When I was first looking into Linux I asked the only friend I knew who used it and he unironically recommended me Arch…
A year later I actually gave Arch a try, but by then he apparently hated Arch and switched to Gentoo and I stopped asking him for advice at that point.
I have been using Arch for a half a decade at this point and its worked out well for me. I like how its very stable despite being bleeding edge (relatively speaking). It’s made gaming a lot easier, and I was pleasantly surprised when Valve announced SteamOS was switching to it as a base.
A lot of people have varying levels of purism when it comes to linux, and it sounds like your friend dipped his toes in with Arch and realized “not pure enough” and then jumped in on the deep end with Gentoo. At the end of the day, Linux is Linux no matter which distro you pick, but each distro highlights different strengths and weaknesses of it. Its all about the package managers, the repository contents, and the maintainers. Occasionally, technical support might matter.
So, pick whichever distro you like, move around a bit to see what has the least papercuts for you, and then stick with that until you can’t anymore.
I switched from Arch to Gentoo, for me it’s just the next step of taking advantage of every last bit of my hardware.
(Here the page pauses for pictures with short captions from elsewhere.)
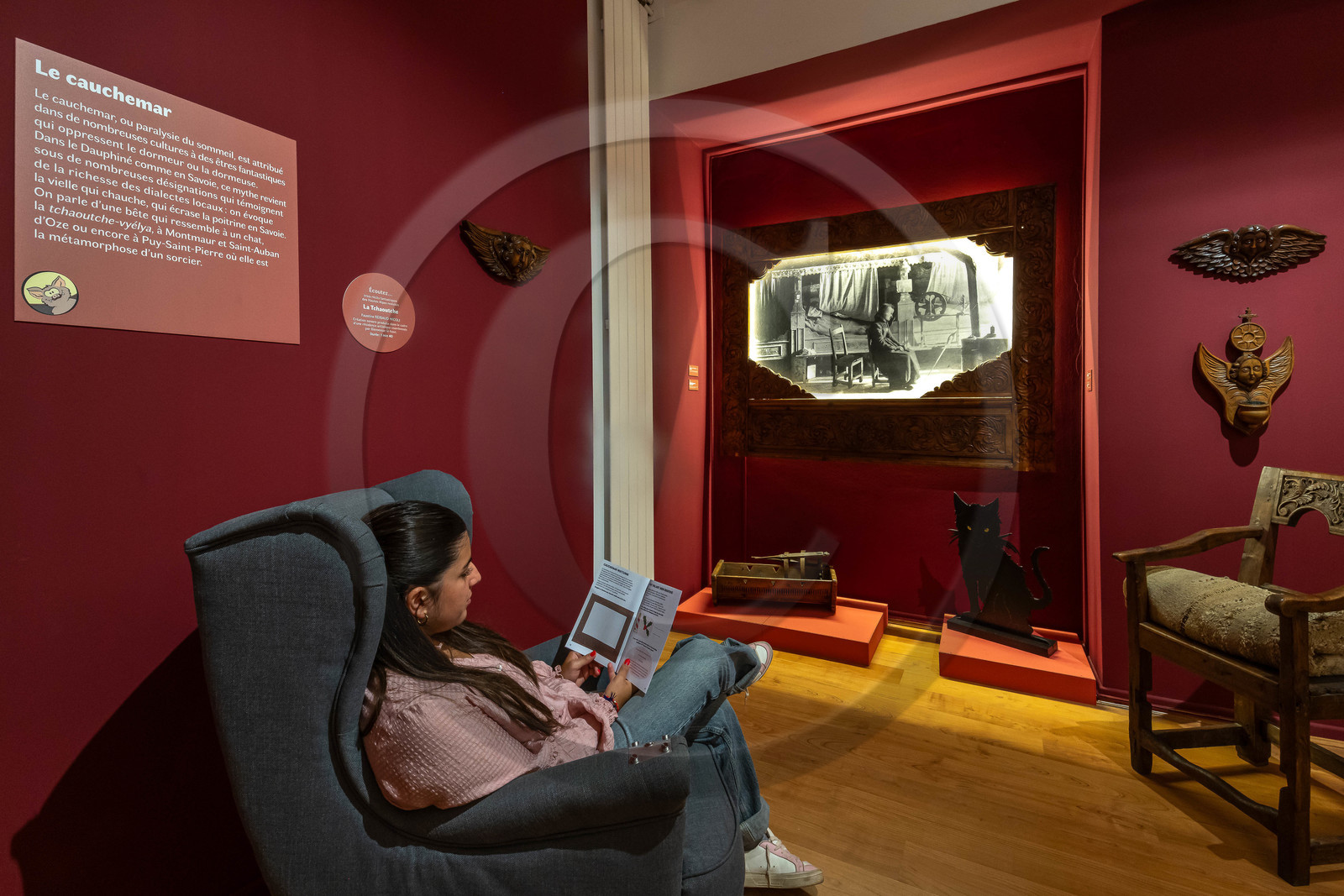 Musée Muséum départemental des Hautes-Alpes, Exposition Nuit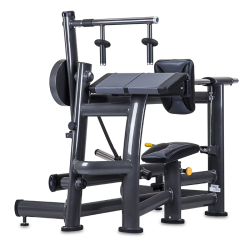 SportsArt A979 Low Row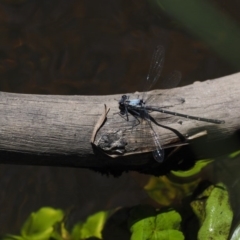 Austroargiolestes calcaris at Tennent, ACT - 19 Dec 2016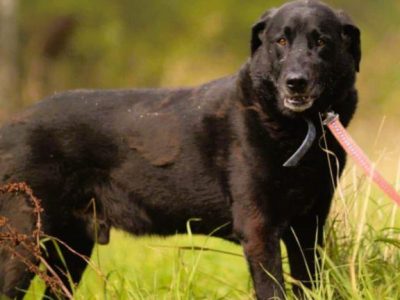 PORTER - mix labradora szuka najlepszego domu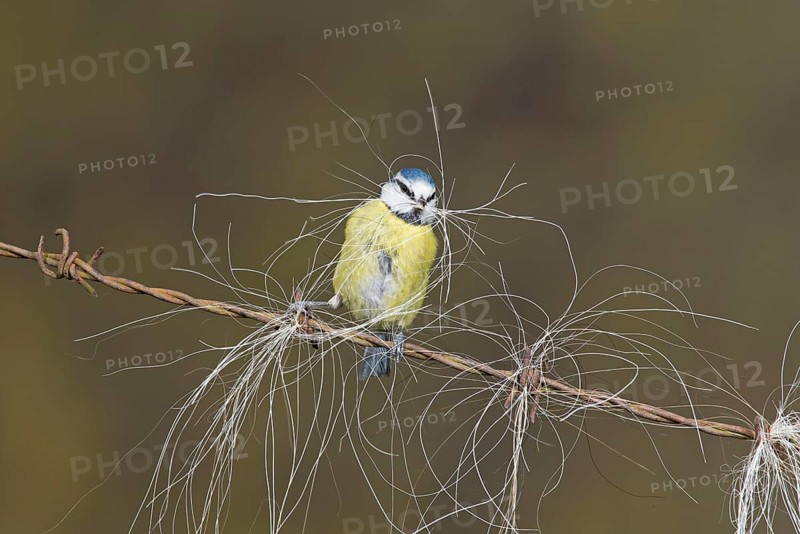 Blue Tit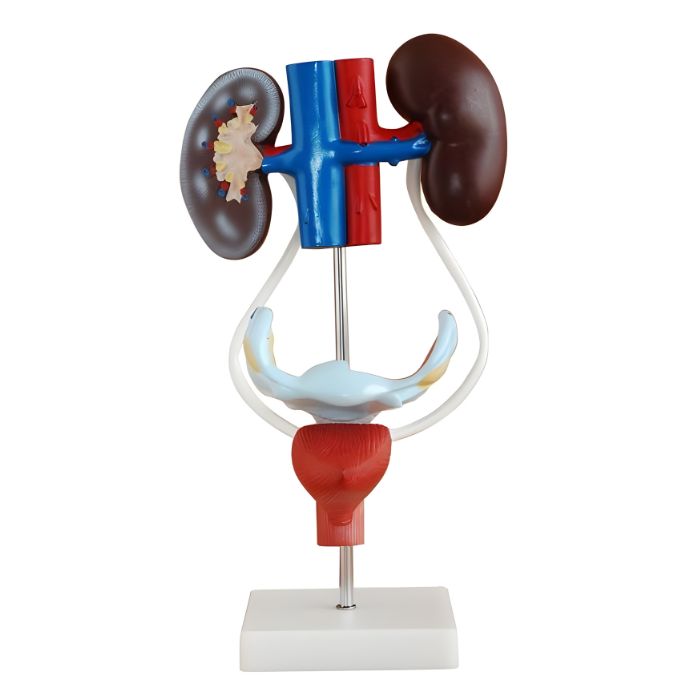 Female Urogenital System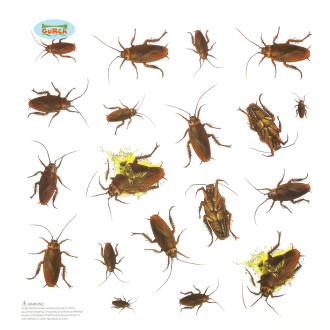 Doplnky - Dekorácie - 20 samolepiacich švábov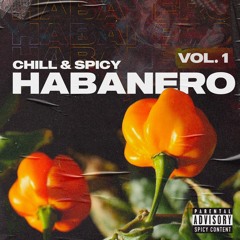 CHILL & SPICY [HABANERO VOL.1] 🌶️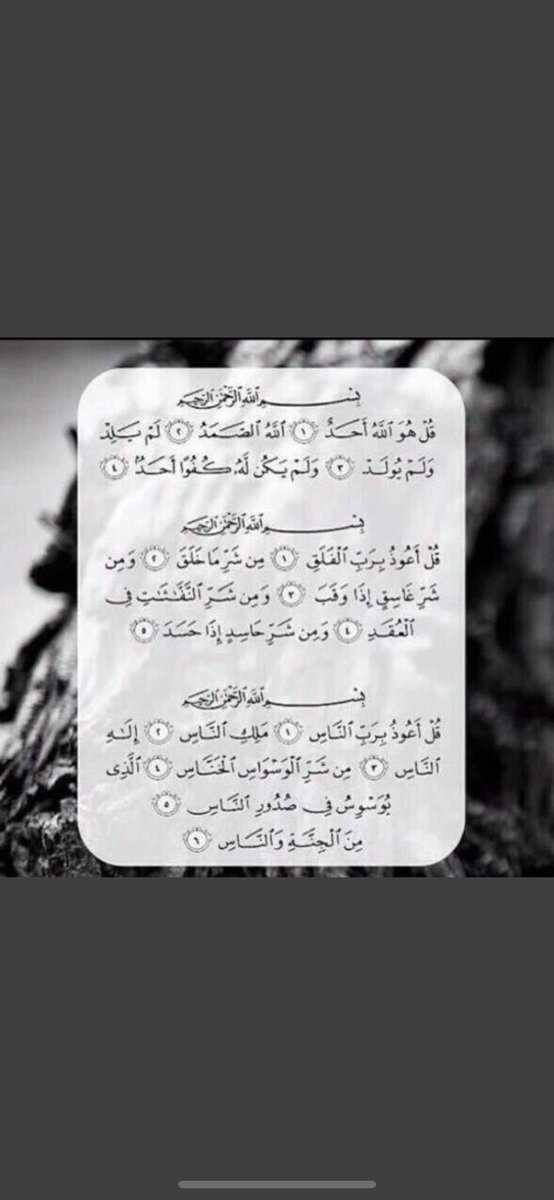 ♠️ tweet media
But unless you are seriously invested, I would never recommend Gentoo to someone. If you just want something that’s up to date, go with Fedora. If you have some spare time, go with Arch. If you have no hobbies at all, go with Gentoo.
NixOS:
Gentoo:
Gentoo obviously :
To install, easy just get this iso, with no GUI, then whip your hard drive, create partition, copy the Linux core, config your core based on the hardware technical details of every components you have and will use, compile it, add extra core drivers, compile them, add all the software you’ll use to get a GUI (Desktop environment), compile them,. Now you can finally restart without usb stick! Add all the software, configure and compile them. And for every update of every software you may check the details to be sure it doesn’t break your config.
Easy no? It just took you a month to get all the steps right!Gentoo is a little easier nowadays. It has binary packages and you can use any old Linux live CD you prefer to do the install :)
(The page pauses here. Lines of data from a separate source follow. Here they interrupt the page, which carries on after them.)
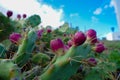 Tunera de tuno Indio, a very typical cactus of the Canary Islands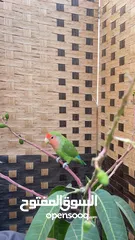  8 Lovebird male 6 months old tamed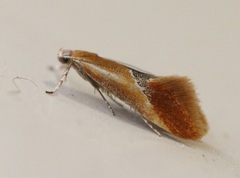 Batia lunaris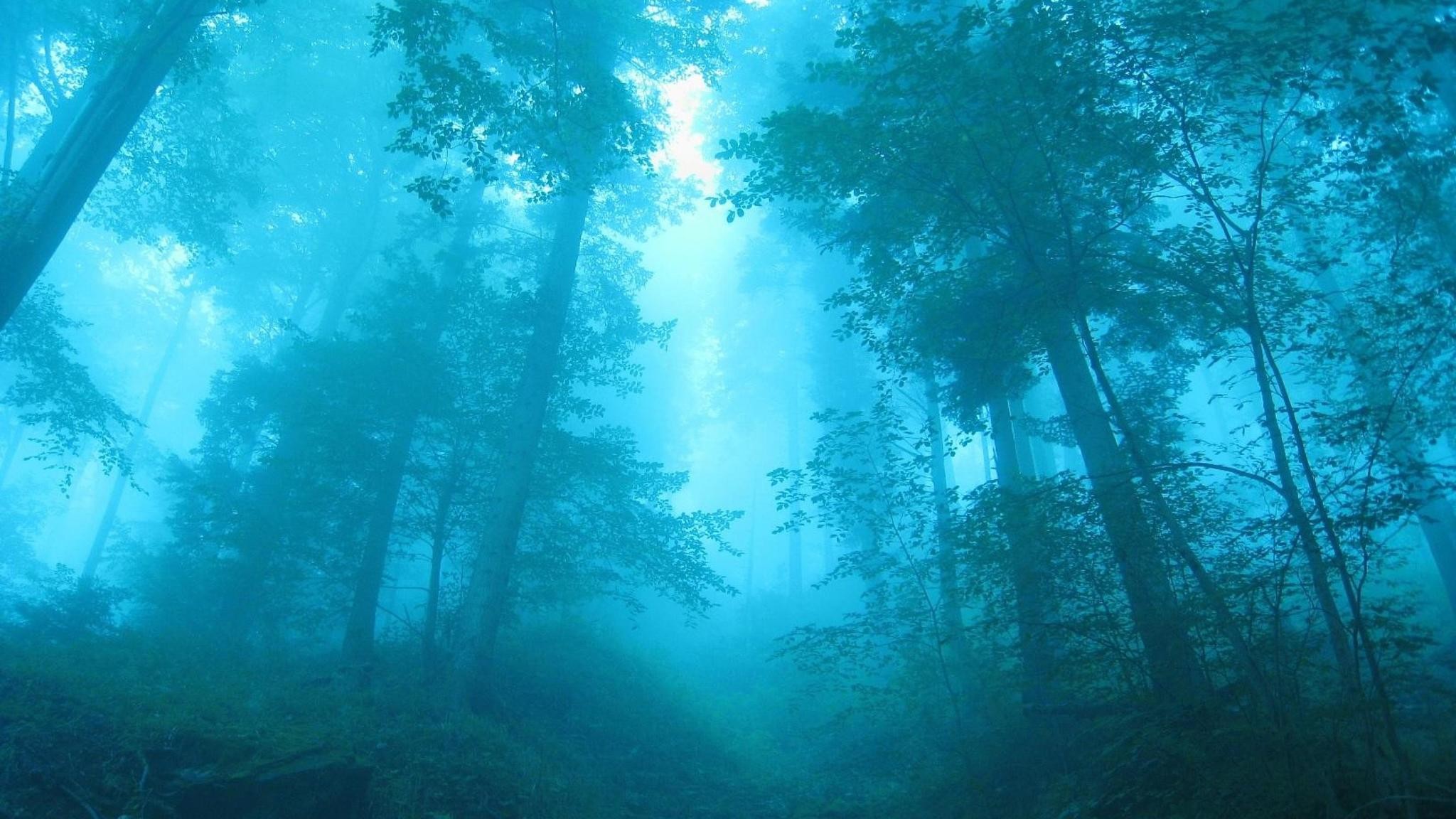 2048x1152 fog-in-forest-wallpaper.jpg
Hannah Montana Linux or Biebian
The kernel source code.
And suggest they go over it and optimize it before building.
Obviously Hannah Montana Linux.
I honestly don’t think Arch is that bad or complicated. It’s just that you have to go into it knowing that you’re in for some reading, tinkering and following step by step instructions along the way. I’d start with something like Mint or Ubuntu for a first look for sure. But once you’re ready to learn a bit more about how the Linux system works and is put together, Arch would straight up be my first recommendation. Even if it’s something you play with on the side in a virtual machine, for me at least, starting on Arch was when my Linux experience went from clicking at things and copy pasting commands into the terminal to still copying and pasting commands lol, but actually learning why and how and what too.
LFS
Is that a really young Brodie Robertson on the right??
I took picture from https://brodierobertson.xyz/ idk is this fake site or not
Arch is fine… It has good documentation.
NixOS or Gentoo is probably my pick.
Don’t run Linux, run the OG Unix. Don’t use a desktop, get a mainframe.
Who TF is scared by Mint?
Did a clean upgrade/install of Mint about 10 hours ago. I’m back to business as usual. Minor tweaks, no tinkering.
I installed mint, and my Linux knowledge (little to none) plateaued because it never breaks. I never have to fix anything. I’m the iPad kid of Linux.
How dare it work!
Great, now I’ve got the phonk walk in my head
Any BSD folk 'round here?
Yo.
Wouldn’t recommend it for novices, but I’ve just never had a better server distro, they perfected it.
As long as you have compatible hardware, it’s great. I didn’t bother researching when I built a new server and ended up switching to debian since bsd didn’t support my nic.
It’s incredible if your hardware is compatible.
Yeah, wifi is still sketchy though.
Former. Migrated to linux 20+ years ago because of…Flash support. Didn’t realize back then how quickly Flash would disappear and FreeBSD only supported it via its linux binary compatibility, which stopped working at that time.